AIDS Memorial Quilt To Be On Virtual Exhibition Starting Next Month
SAN FRANCISCO (CBS SF) -- The San Francisco-based National AIDS Memorial organization this week announced a 50-state AIDS Memorial Quilt virtual exhibition, which will run from Nov. 16 to March 31, 2021. The exhibition is free to the public.
The quilt, which activist Cleve Jones conceptualized back in 1985, memorializes those who died of AIDS-related causes. Historians credit the quilt and tour taking it to 20 cities across the nation for helping draw attention to the AIDS crisis, leading the federal government to fund research into the fatal disease.
Organizers of the virtual tour invited individuals, businesses, and nonprofits from around the country to host a display of sections of the quilt "that tell the stories of loved ones lost to AIDS from each state and U.S. territory."
"During the darkest days of the AIDS crisis, the Quilt was a source of immense comfort, inspiration and used as a tool for social activism to open the eyes of the nation to injustice and to help survivors grieve and heal," John Cunningham, executive director of the National AIDS Memorial, said in a news release. "We hope that the power and beauty of the Quilt can serve the same purpose for those who are experiencing loss and grief due to COVID-19."

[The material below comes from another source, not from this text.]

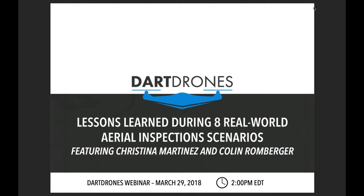Good afternoon everyone. Welcome to our webinar on lessons learned during eight real-world aerial inspection scenarios. Before we begin, please be sure to mute yourself to eliminate any background noise. If you think of any questions during the webinar, please feel free to submit them in the chat section on your screen and we will answer as many questions as we can during the Q&A session.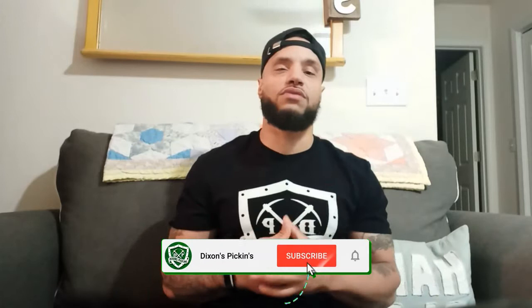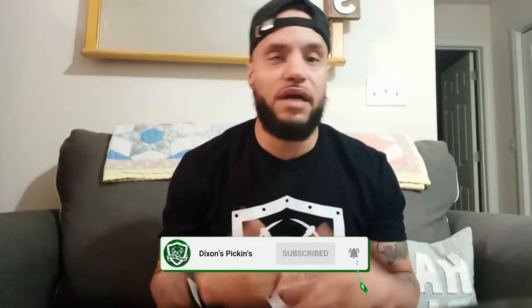In today's video I'm going to give you guys five tips to help you out as a new reseller. My name is Marcus, welcome back to another video. On this channel I make reselling content, I try to give you guys some tips and value and show you how you can be a better reseller. In this video I'm going to give you guys some tips that I wish I had known when I first started out with reselling.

Applications must be received by Nov. 1 in order to qualify. In addition, participants are required to pay a $500 entry fee. Proceeds from the exhibition will go directly to preserving the Memorial Quilt, which contains over 48,000 individual panels.
More than 700,000 people have died of AIDS since the start of the epidemic in the early 1980s. The National AIDS Memorial was founded in 1996, and remains the only federally designated AIDS Memorial in the U.S.